Yesterday evening, after watching Addie perform a nice dance routine (she's half thug I swear), my older sister, Megan, her kiddos, and I came home. HOwever, when in the town of Protection, it is absolutely necessary to enjoy Don's cuisine at any possible moment. Praise the Lord for to-go orders. I, now at the kitchen table with Don's in hand, could not wait to bestow this deliciousness upon my tongue. Nikole, my bright, seven-year-old niece, sat down right next to me at the kitchen table, and we immediately dug in to our little white boxes.


About four bites in, I decided it was time to crack open that little head next to me. First, you must know this. Nikole is one of the most creative, imaginative, bright, beautiful second graders I know. HIlarious. You know those young children who are timid because they aren't exactly sure who they are yet?
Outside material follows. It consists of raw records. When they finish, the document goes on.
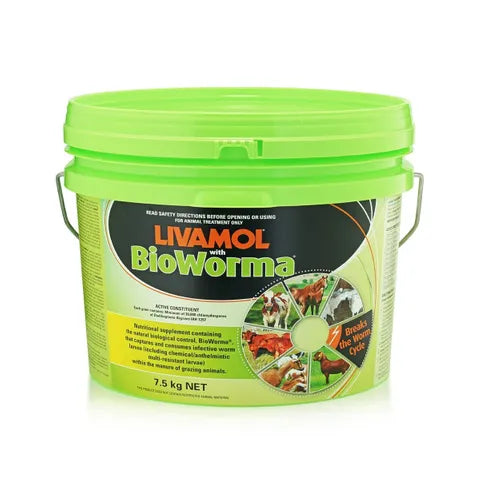 INTERNATION ANIMAL HEALTH LIVAMOL WITH BIOWORMA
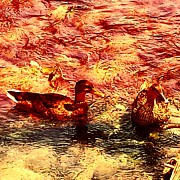 Couple of Ducks Photograph by Jason Roust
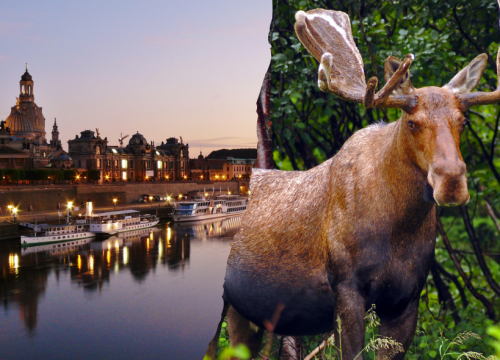 Ostkanada Rundreise zum Verlieben: Städteflair & Naturwunder auf einer Reise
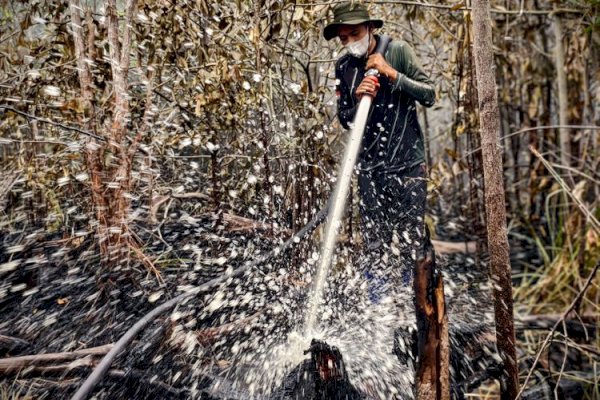 Hotspot Turun Jadi 93 Titik, Menhut Pastikan Banpres Karhutla Sumsel Tepat Sasaran
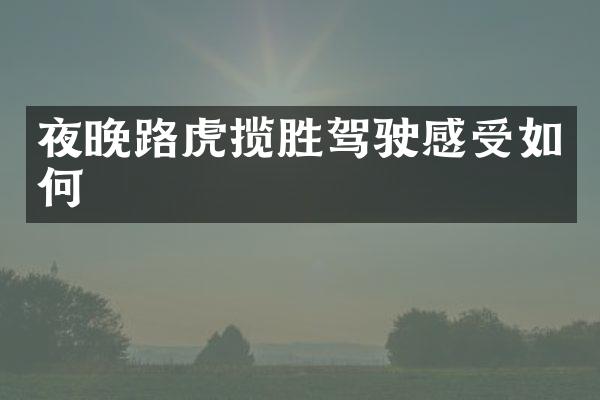 夜晚路虎揽胜驾驶感受如何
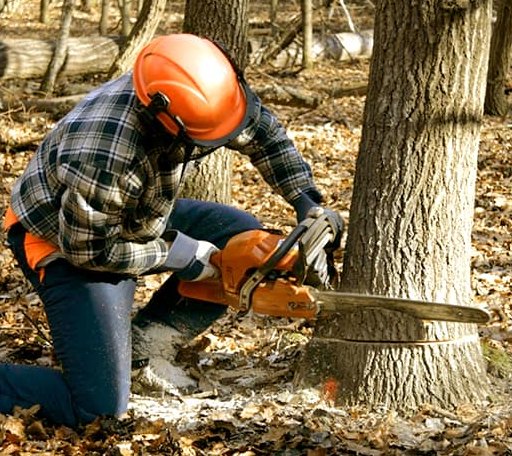 Tree Removal in Caputa, SD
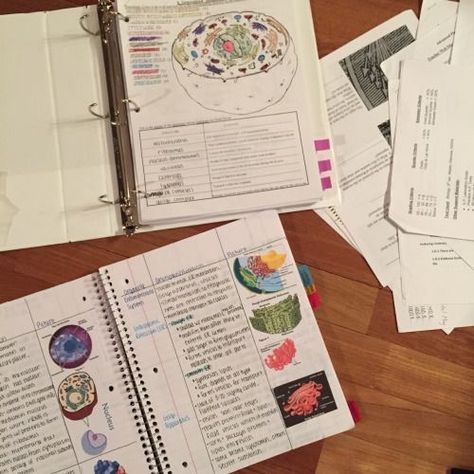 Biology Organization, Study Binder, Binder Notes, Notes Pictures, Cornell Notes, Ap Biology, College Organization, Study Techniques, Study Organization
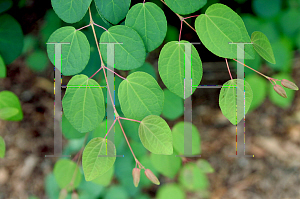 Picture of Cercidiphyllum japonicum 'Ruby'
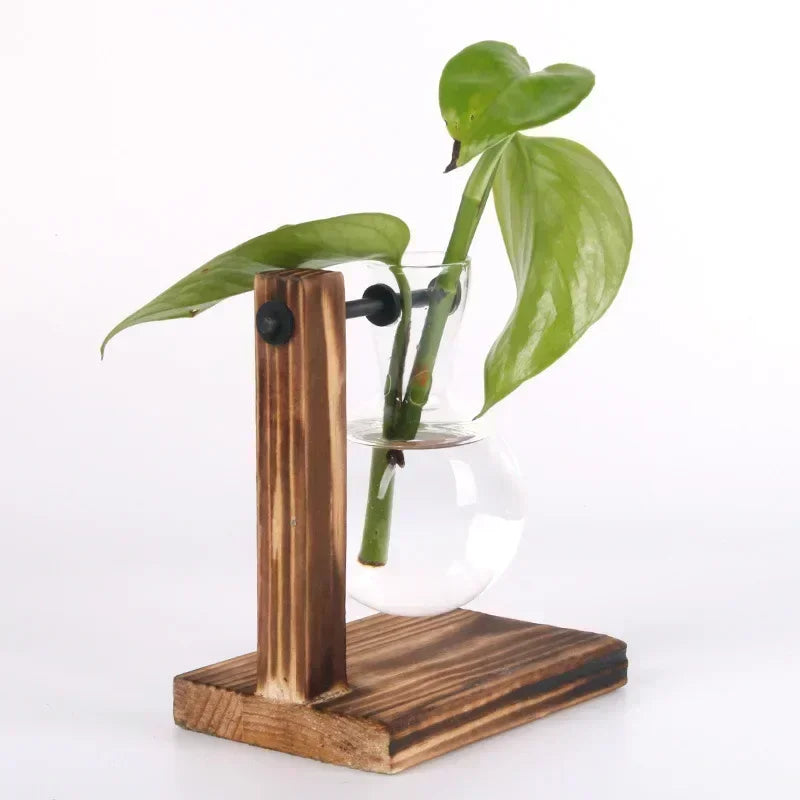 Mini Bulb Glass Terrarium with Wooden Stand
Yeah, she's about as far from that as possible. I love her to death.


Enough bragging. Here we are, digging in, and I finish chewing one bite of my chef salad with chicken, and ask something that I feel like I should already know. "Nikole, what exactly do you want to be when you grow up? Do you know?"


Her eyes lit up as she nodded and smiled that little gapped smile of hers. She definitely knew.
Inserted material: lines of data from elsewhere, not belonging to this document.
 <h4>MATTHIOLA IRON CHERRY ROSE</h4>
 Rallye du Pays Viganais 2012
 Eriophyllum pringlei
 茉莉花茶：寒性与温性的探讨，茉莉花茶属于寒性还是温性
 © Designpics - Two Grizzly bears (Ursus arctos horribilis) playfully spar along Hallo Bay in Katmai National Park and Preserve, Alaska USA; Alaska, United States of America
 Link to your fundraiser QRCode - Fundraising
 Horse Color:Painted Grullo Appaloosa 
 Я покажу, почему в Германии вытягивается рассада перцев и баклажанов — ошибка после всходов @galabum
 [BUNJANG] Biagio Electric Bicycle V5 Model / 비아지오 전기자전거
Her response amazed me. "Well, I want to be vet, doctor, nurse, a picture drawer, and a hiker. I want to be a hiker." Holy over achiever! How does one even respond to this? I mean, a hiker? Is that even such a thing? As I was trying to figure this out, she kept going, "Oh yeah, and I want to be a gardener, so I can grow green. (misunderstanding to 'going green' haha) Did you know that people kill trees? I'll stop that, too." Hahahaha, I swallowed my laughter, and replied, "Yeah, but we have to cut down trees to have paper. How are you going to solve the lack of paper? And this is where I nearly lost it. "Well, when I become President, I'll figure that out, too."


Okay, so by 'nearly', I  mean I lost it. I laughed, all over that black table cloth covering the lovely kitchen table.
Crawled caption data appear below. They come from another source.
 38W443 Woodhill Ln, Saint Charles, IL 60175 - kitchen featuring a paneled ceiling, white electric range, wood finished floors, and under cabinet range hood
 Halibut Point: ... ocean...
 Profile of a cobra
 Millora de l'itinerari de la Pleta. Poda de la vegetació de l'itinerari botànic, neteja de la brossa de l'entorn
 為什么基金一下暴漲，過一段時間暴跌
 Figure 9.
But what was funny about this whole situation was the innocence and honesty behind each one of these statements. She legitimately thinks she is going to be all of these things, and from her, I feel like I can learn so much.


Do you remember those days? The days when you honestly believed in yourself? That you could be absolutely anything you wanted to be. I mean, I do. I was going to be a scientist. A paleontologist to be exact. And on the side, I was going to play basketball. I was a boss. Doing it all, no problem. 


Then one day, life hits, and everyone throws their dreams aside. Why? Because you're not smart enough. You're not tall enough. You're not athletic enough. You're too diabetic (ha, jk). You're not pretty enough. And the lists of insecurities go on and on. 


Yes, I do believe that some people need to understand they just won't be a famous singer because they cannot stay on pitch for their life. However, I also think that people throw their dreams away too easily. I know sometimes life shoots other dreams your way as well. Those dreams morph and become your reality. Yet so many people settle for something less. 


I don't want to settle.


No, my dream is no longer to be a paleontologist nor a basketball player. I realized I despise science and history, and high school basketball made me want to vomit more than smile. My dreams have changed. 


I feel like I can learn so much from young children. I can? I do. Addie, my little sister, has taught me more about compassion and selflessness in the last month than I have learned in a lifetime. Nikole, last night, successfully taught me that dreaming big is something to be cherished, remembered, and treasured. 


So my new goal is to dream like a seven-year-old. Though they may have small bodies, they have huge imaginations and very high hopes.


Love to all,
the Lone Woolf 


Addie, me, and the lovely Nikole. =) Love these girls.